More than 750 turbines at 60 sites are coming to the end of their operational lives, with less than five years remaining of the 20-year period for which they have planning permission. They could be dismantled and the landscape restored, but the wind industry is lobbying to be allowed to replace them with much more powerful turbines.
The existing turbines are mostly 50m to 60m tall. The new ones would be up to 120m and produce up to eight times more power.
The taller turbines would increase the total capacity of the 60 sites from 440 megawatts to 1,300 megawatts and produce enough power for 800,000 homes, according to a report by the Energy and Climate Intelligence Unit (ECIU), a think tank that supports renewable energy.

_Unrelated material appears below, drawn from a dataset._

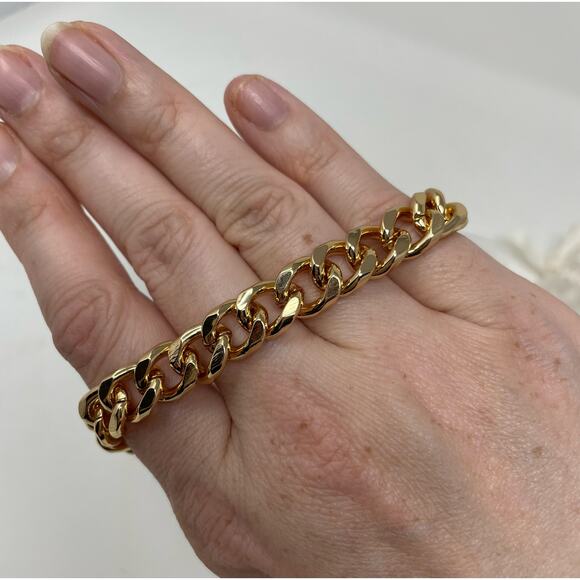 Ettika Starry Charms 18k Gold Plated Chain Link Bracelet 7" Long w/ 2 Extenders - Picture 4 of 4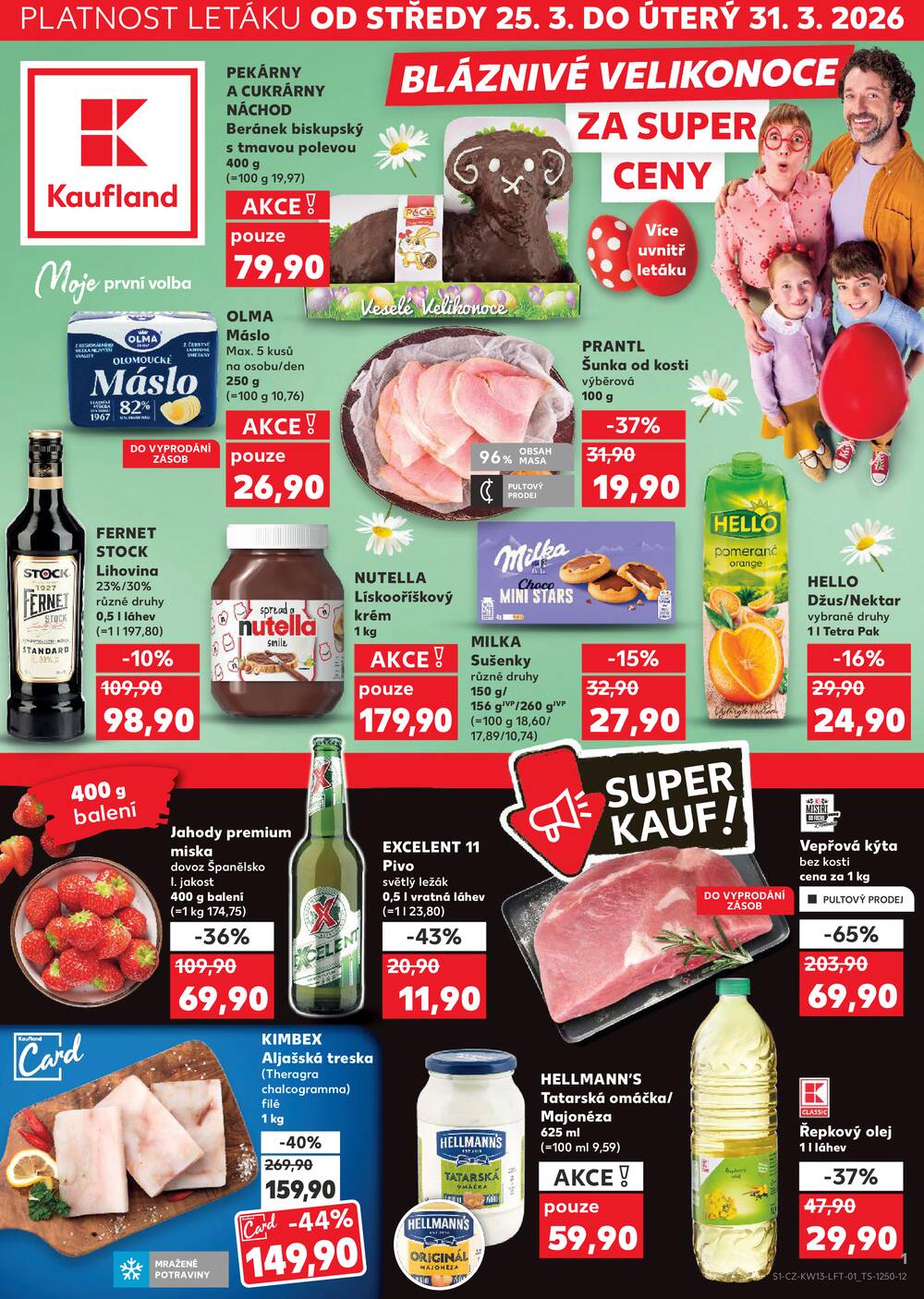 Kaufland 25.3. - 31.3. - Kaufland Humpolec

Wind farms could be rebuilt with fewer turbines, it said, as with the first commercial one in the UK at Delabole in Cornwall, where the ten turbines installed in 1991 have been replaced by four nearly twice as tall.

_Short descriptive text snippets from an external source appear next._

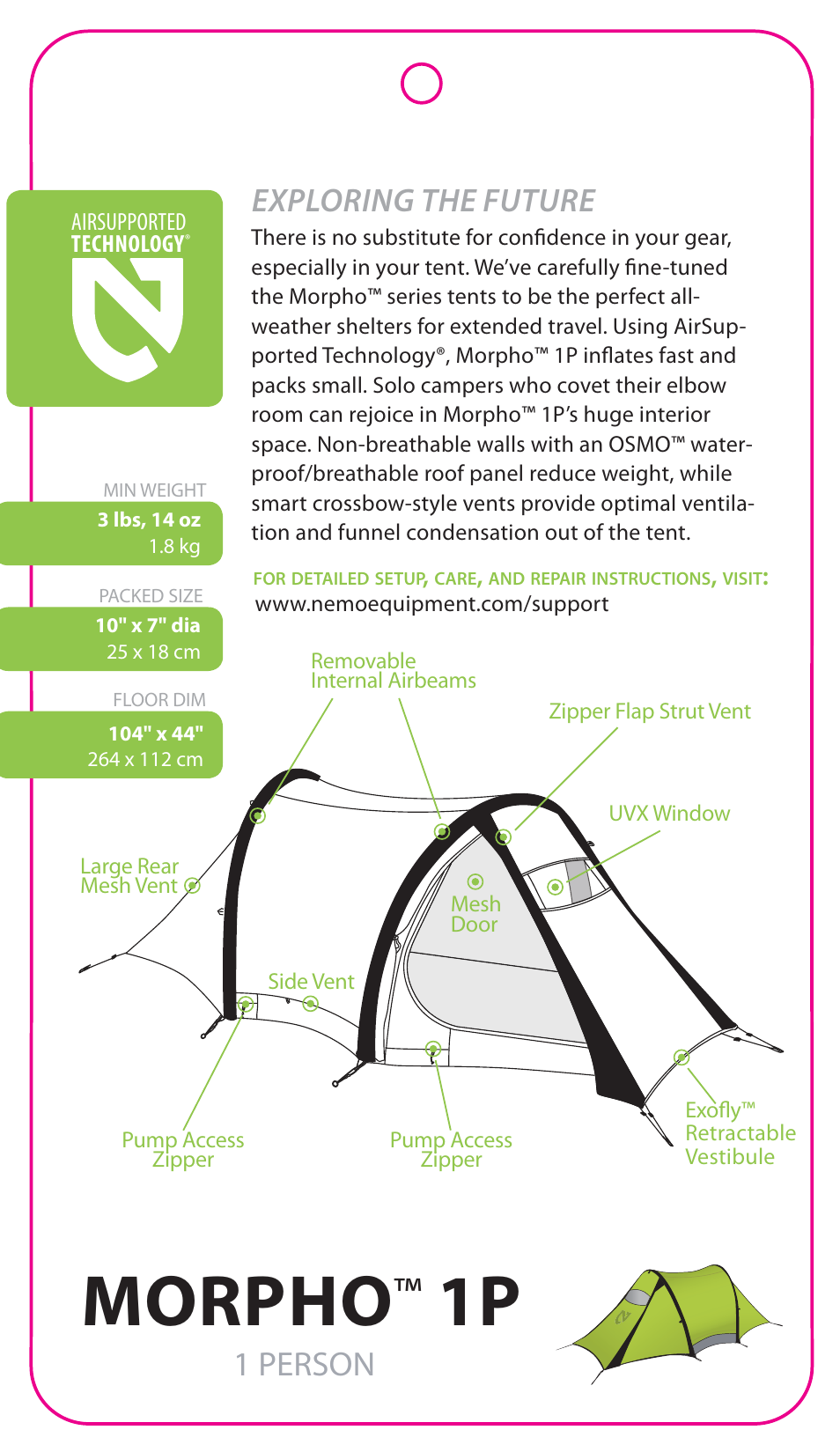 NEMO Equipment MORPH 1P User Manual | 5 pages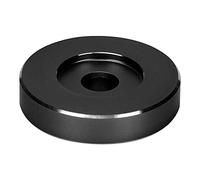 Ticfox Record Turntable Adapter Aluminum 45 RPM Large Hole Conversion Clamp Adapter For Records Stable Playback (Black)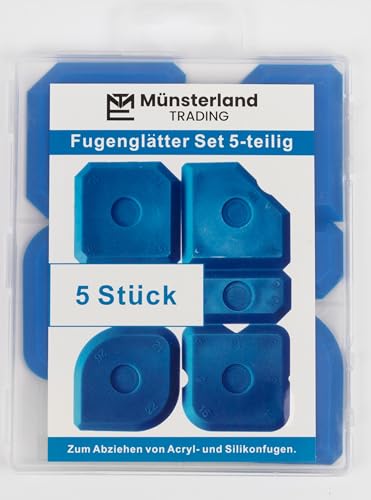 Fugenglätter Set 5 tlg. blau in praktischer Aufbewahrungsbox...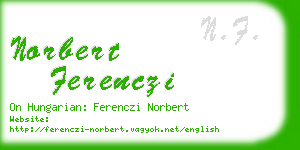 norbert ferenczi business card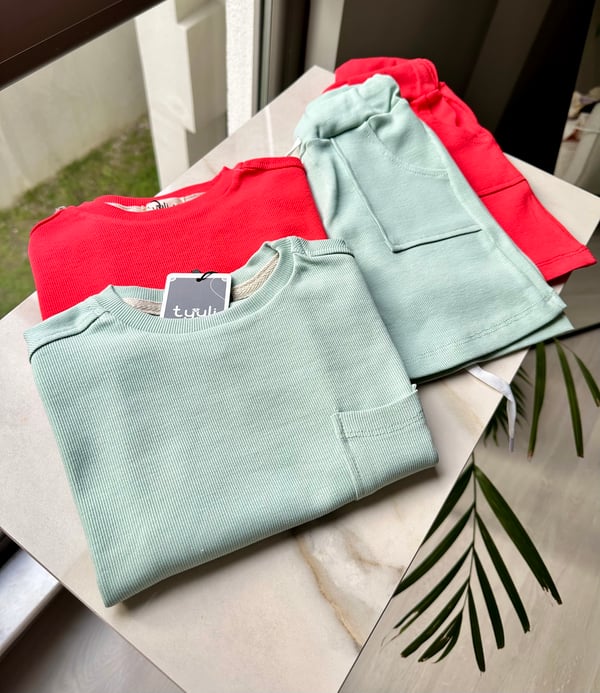 Duru Şortlu Takım - Mint Yeşili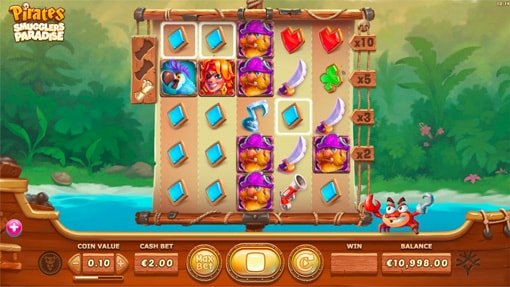 Скриншот слота Pirates – Smugglers Paradise от Yggdrasil Gaming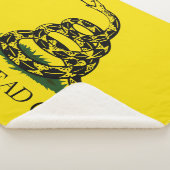 Draai me niet op Gadsden vlag Sherpa Deken (3/4)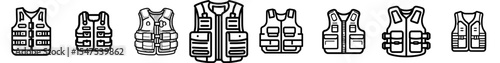 Modern lifejacket icon that is editable, belonging to a large family of icons, ideal for various digital platforms and visual materials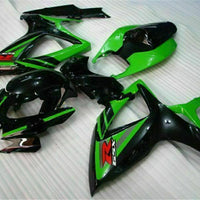 MSB Injection Black Green Fairing Fit for  2006 2007 GSXR 600 750 n052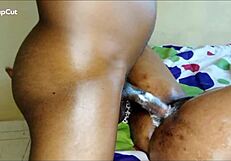 Her passion for black cock makes me cum hard in homemade pussylick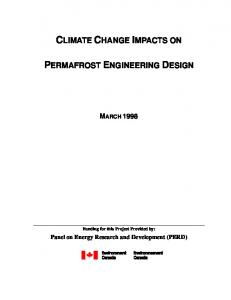 Climate Change Impacts on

Critics say that the visual blight from taller turbines is worse even if there are fewer of them.
John Constable, director of the Renewable Energy Foundation, which opposes wind farms, said that rebuilding dozens of wind farms with taller turbines would result in “greatly increased landscape and visual impact and in most cases significantly worse noise”. He added: “This is a complete non-starter. The surest way of saving the consumer money is to let these dogs die a natural death.”